• Task to complete: With pictures excluded, copy word for word the lines in the data below from the line containing "需依赖iPhone_Max！Vision Pro廉价版曝光：苹果降配 不能单独使用" through the line containing "I like Baseball".

-------- Records for processing --------

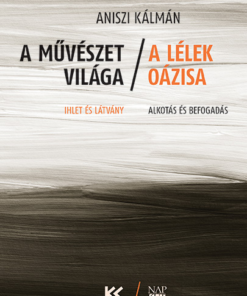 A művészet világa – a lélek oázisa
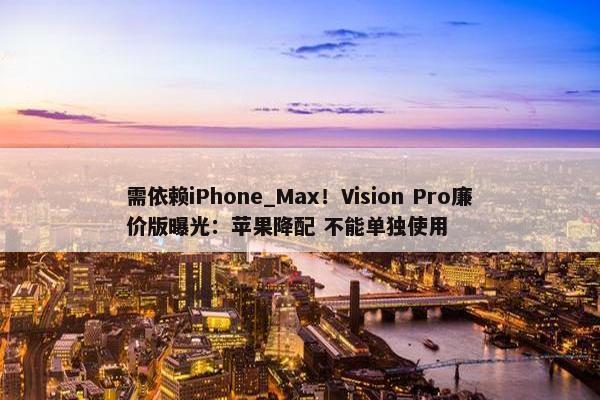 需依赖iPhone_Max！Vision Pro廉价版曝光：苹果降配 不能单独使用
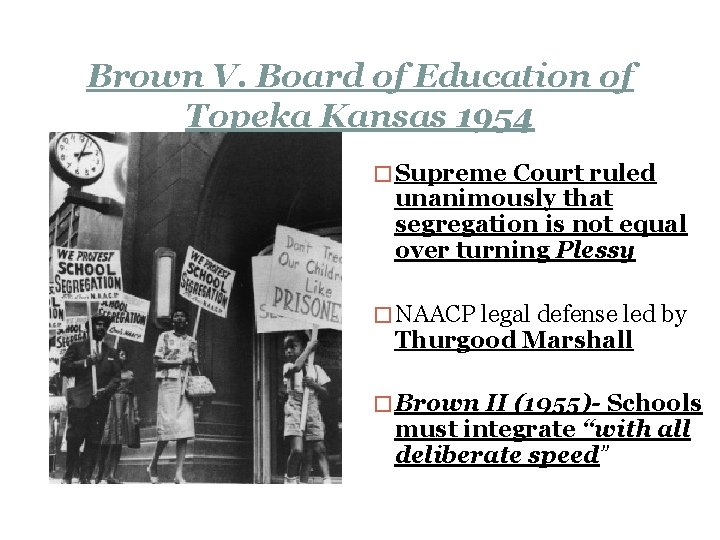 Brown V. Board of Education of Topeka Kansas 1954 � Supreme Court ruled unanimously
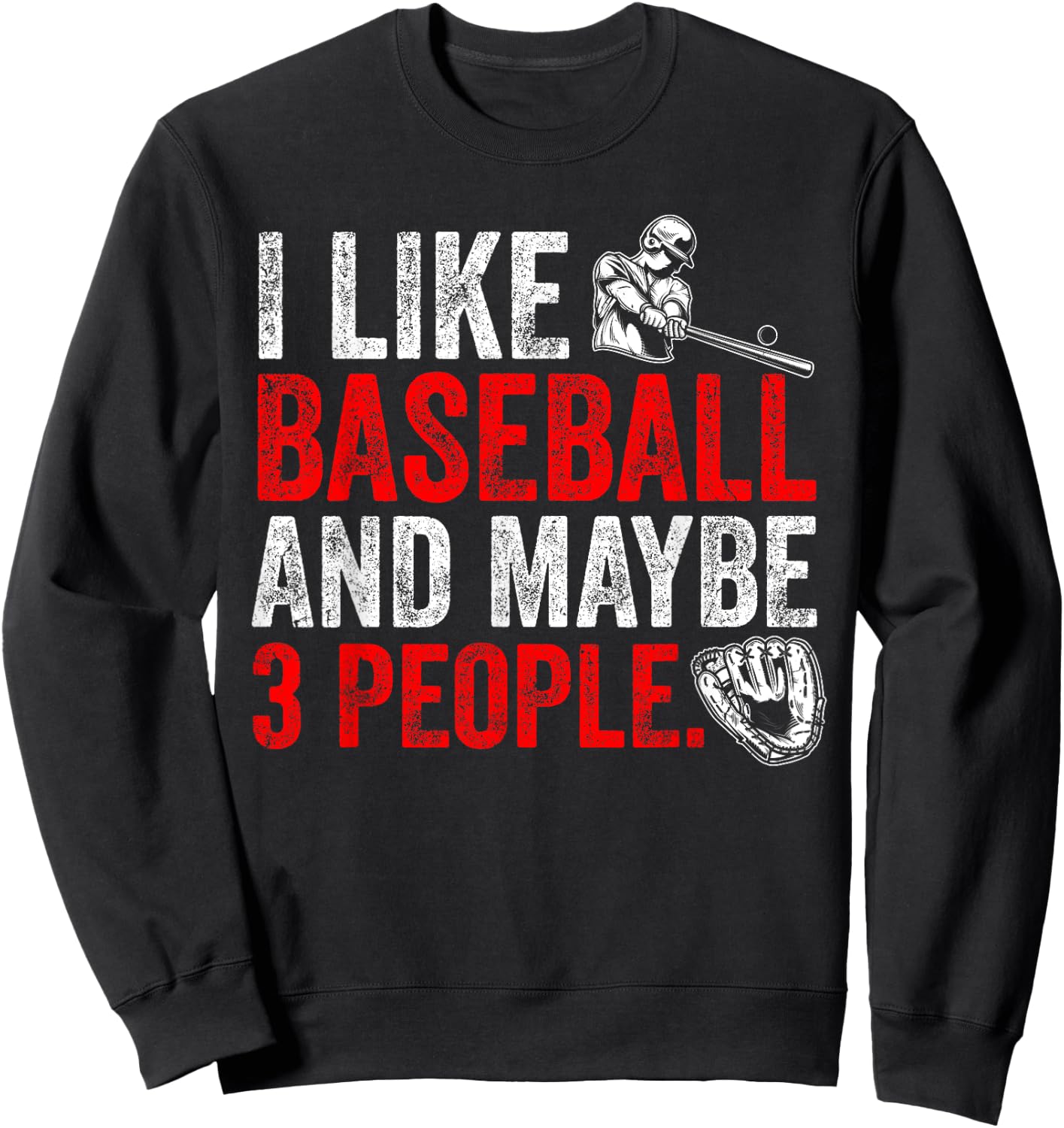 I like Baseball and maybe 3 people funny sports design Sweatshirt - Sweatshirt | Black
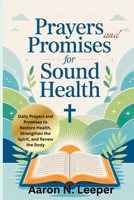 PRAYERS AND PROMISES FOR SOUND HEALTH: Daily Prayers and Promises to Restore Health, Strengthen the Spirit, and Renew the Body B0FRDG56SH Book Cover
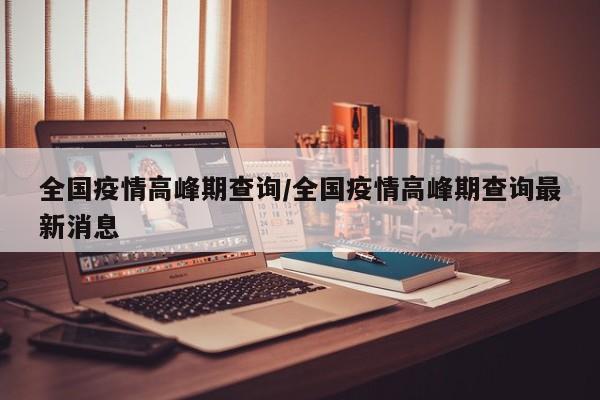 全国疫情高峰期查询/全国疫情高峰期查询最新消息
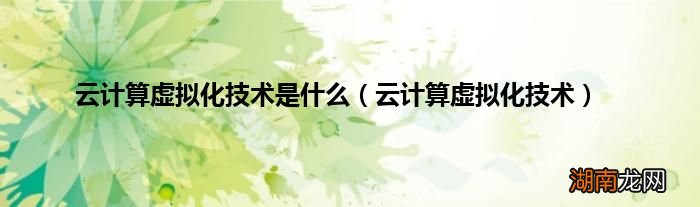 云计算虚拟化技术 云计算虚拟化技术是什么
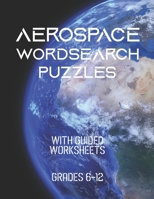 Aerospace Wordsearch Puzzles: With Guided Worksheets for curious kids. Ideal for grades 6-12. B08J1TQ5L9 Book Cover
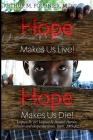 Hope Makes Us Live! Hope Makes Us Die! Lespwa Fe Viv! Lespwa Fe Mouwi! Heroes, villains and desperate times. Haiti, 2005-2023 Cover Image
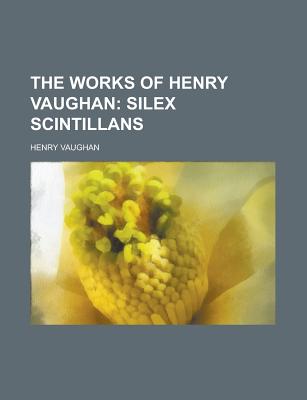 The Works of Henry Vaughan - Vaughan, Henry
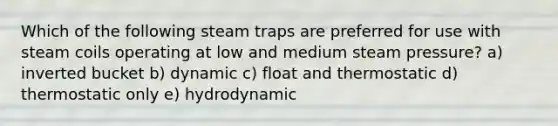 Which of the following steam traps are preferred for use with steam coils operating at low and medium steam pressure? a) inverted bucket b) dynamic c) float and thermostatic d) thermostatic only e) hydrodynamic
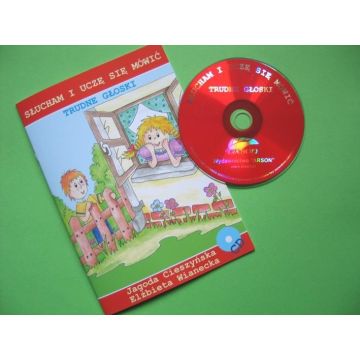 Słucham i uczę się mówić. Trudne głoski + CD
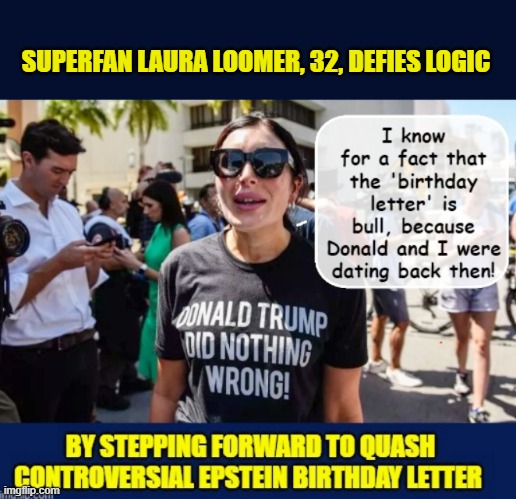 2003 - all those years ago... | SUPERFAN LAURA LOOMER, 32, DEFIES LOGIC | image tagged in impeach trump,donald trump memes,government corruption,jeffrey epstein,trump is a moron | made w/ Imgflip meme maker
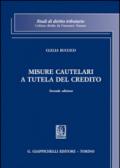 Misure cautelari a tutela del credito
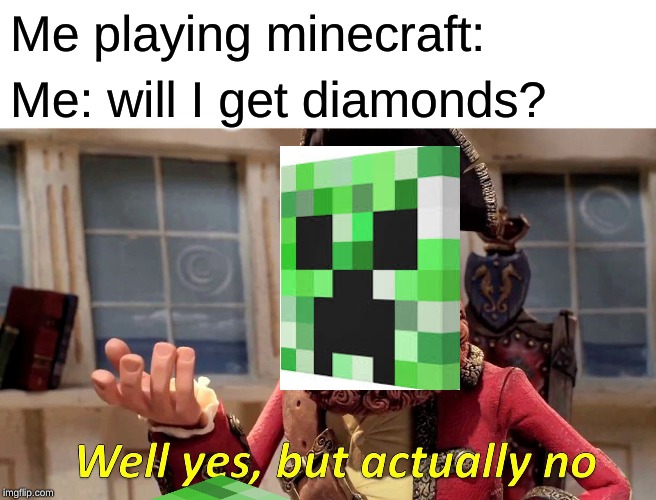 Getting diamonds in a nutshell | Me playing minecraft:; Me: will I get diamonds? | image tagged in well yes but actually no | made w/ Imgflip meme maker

--------

• Result for this exercise:
 需依赖iPhone_Max！Vision Pro廉价版曝光：苹果降配 不能单独使用
 Brown V. Board of Education of Topeka Kansas 1954 � Supreme Court ruled unanimously
 I like Baseball and maybe 3 people funny sports design Sweatshirt - Sweatshirt | Black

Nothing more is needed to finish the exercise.